About this exercise:
Of the lines in the data below, write out exactly those from the one holding "Laravel 12 PDF" through the one holding "Terrible Tales &amp;", both included.

---------- Extracted records ----------

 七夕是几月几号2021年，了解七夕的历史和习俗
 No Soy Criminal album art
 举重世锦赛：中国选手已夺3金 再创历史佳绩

----------
---------- Extracted records ----------

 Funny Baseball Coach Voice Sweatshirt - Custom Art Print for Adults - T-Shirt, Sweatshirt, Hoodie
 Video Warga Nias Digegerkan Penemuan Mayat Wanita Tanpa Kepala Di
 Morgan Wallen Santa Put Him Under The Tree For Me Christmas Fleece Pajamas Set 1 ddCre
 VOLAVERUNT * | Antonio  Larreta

----------
---------- Extracted records ----------

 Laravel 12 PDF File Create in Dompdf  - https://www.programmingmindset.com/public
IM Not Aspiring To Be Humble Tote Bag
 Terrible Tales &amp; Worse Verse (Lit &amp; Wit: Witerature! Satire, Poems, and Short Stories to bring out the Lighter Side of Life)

----------

Completed task:
 Laravel 12 PDF File Create in Dompdf  - https://www.programmingmindset.com/public
IM Not Aspiring To Be Humble Tote Bag
 Terrible Tales &amp; Worse Verse (Lit &amp; Wit: Witerature! Satire, Poems, and Short Stories to bring out the Lighter Side of Life)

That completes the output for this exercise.